▸ Directions for this task
Restate every record that follows, keeping it exact.

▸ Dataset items
»»

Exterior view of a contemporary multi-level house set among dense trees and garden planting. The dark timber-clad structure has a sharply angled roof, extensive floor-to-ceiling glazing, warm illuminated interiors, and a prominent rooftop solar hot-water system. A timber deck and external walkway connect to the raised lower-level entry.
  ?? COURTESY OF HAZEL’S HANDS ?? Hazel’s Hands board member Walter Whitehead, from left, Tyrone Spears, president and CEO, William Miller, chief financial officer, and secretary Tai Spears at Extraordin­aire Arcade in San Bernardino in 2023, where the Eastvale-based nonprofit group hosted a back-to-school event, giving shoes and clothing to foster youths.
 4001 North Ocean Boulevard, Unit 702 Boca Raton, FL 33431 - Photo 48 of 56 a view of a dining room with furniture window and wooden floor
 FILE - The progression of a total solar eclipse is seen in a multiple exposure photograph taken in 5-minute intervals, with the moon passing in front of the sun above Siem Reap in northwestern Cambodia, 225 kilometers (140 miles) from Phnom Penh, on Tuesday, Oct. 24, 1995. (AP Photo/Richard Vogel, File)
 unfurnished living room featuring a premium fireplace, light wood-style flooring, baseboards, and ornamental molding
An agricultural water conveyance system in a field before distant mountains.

««

▸ Your response
Exterior view of a contemporary multi-level house set among dense trees and garden planting. The dark timber-clad structure has a sharply angled roof, extensive floor-to-ceiling glazing, warm illuminated interiors, and a prominent rooftop solar hot-water system. A timber deck and external walkway connect to the raised lower-level entry.
  ?? COURTESY OF HAZEL’S HANDS ?? Hazel’s Hands board member Walter Whitehead, from left, Tyrone Spears, president and CEO, William Miller, chief financial officer, and secretary Tai Spears at Extraordin­aire Arcade in San Bernardino in 2023, where the Eastvale-based nonprofit group hosted a back-to-school event, giving shoes and clothing to foster youths.
 4001 North Ocean Boulevard, Unit 702 Boca Raton, FL 33431 - Photo 48 of 56 a view of a dining room with furniture window and wooden floor
 FILE - The progression of a total solar eclipse is seen in a multiple exposure photograph taken in 5-minute intervals, with the moon passing in front of the sun above Siem Reap in northwestern Cambodia, 225 kilometers (140 miles) from Phnom Penh, on Tuesday, Oct. 24, 1995. (AP Photo/Richard Vogel, File)
 unfurnished living room featuring a premium fireplace, light wood-style flooring, baseboards, and ornamental molding
An agricultural water conveyance system in a field before distant mountains.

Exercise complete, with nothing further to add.